に=完了の助動詞「ぬ」の連用形、接続は連用形
と申し上げるので、(中納言が)ご覧になった時に(法師が姫君の部屋から)出てきた。
「あな、ゆゆし や。幼くては母に後れて、また、乳母さへに離れて、
あな=感動詞、ああ、あら、まあ
ゆゆし=シク活用の形容詞「忌々し(ゆゆし)」の終止形、触れてはならない神聖なことが原義。おそれ多い。不吉だ、忌まわしい。(良くも悪くも)程度がはなはだしい。
や=間投助詞
さへ=副助詞、添加(~までも)。類推(~さえ)。
(中納言は)「ああ、ひどいことだ。幼くして母に先立たれて、また乳母とまでも離れて、
あはれ、果報わろきものとは思へども、あな、あさまし。」とて、入り給ひ ぬ。
あはれ=感動詞、ああ、あれ
わろき=ク活用の形容詞「悪し(わろし)」の連体形。良くない、好ましくない。「よし>よろし≧普通≧わろし>あし」みたいなイメージ。
ども=逆接の接続助詞、活用語の已然形につく。
あな=感動詞、ああ、あら、まあ
あさまし=シク活用の形容詞「あさまし」の終止形。驚きあきれる、意外でびっくりすることだ。あまりのことにあきれる。なさけない、嘆かわしい。

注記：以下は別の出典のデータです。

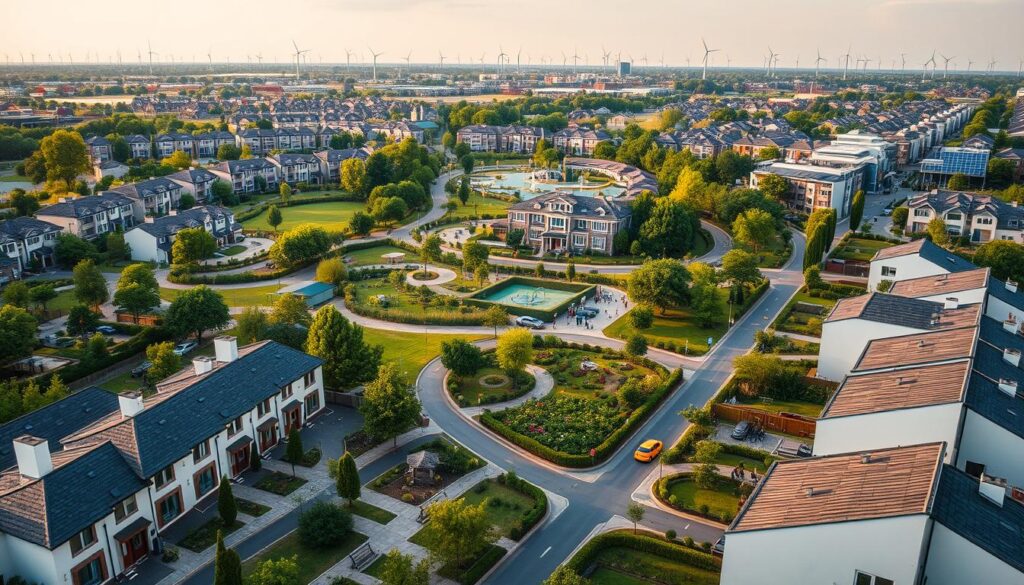 Schlüsselfaktoren zukunftsfähiger Wohnsiedlungen Schlüsselfaktoren zukunftsfähiger Wohnsiedlungen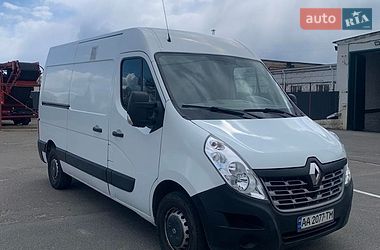 Вантажний фургон Renault Master 2015 в Києві фото Вантажний фургон Renault Master 2015 в Києві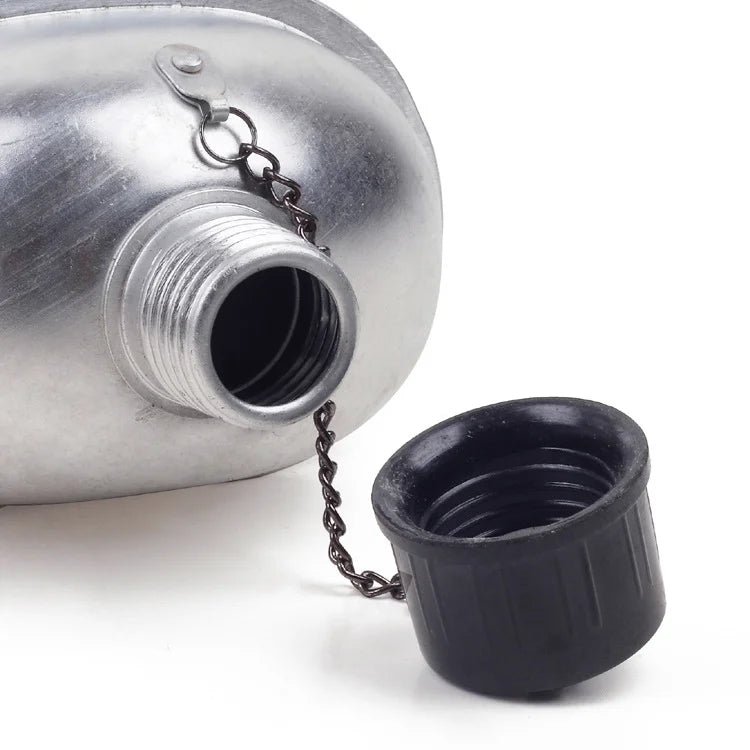 3PCS/Set Canteen Cookware: Multi-Functional Hydration and Cooking Kit for Outdoor Adventures
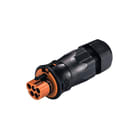 Wieland - Conn. v insteekbare gebouwinstall. 96.052.4551.4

給ひ=補助動詞ハ行四段「給ふ(たまふ)」の連用形、尊敬語。動作の主体である中納言を敬っている。作者からの敬意。
ぬ=完了の助動詞「ぬ」の終止形、接続は連用形
ああ、前世での行いによる報いが良くない者とは思っていたが、ああ、驚きあきれることだ。」と言って、(部屋へ)お入りになった。
※果報=前世での行いによる報い。
さて、宮仕へのことは思しとどまり ぬ。
さて=接続詞、(話題を変えるときに、文頭において)さて、ところで、そこで。そのままで、そういう状態で。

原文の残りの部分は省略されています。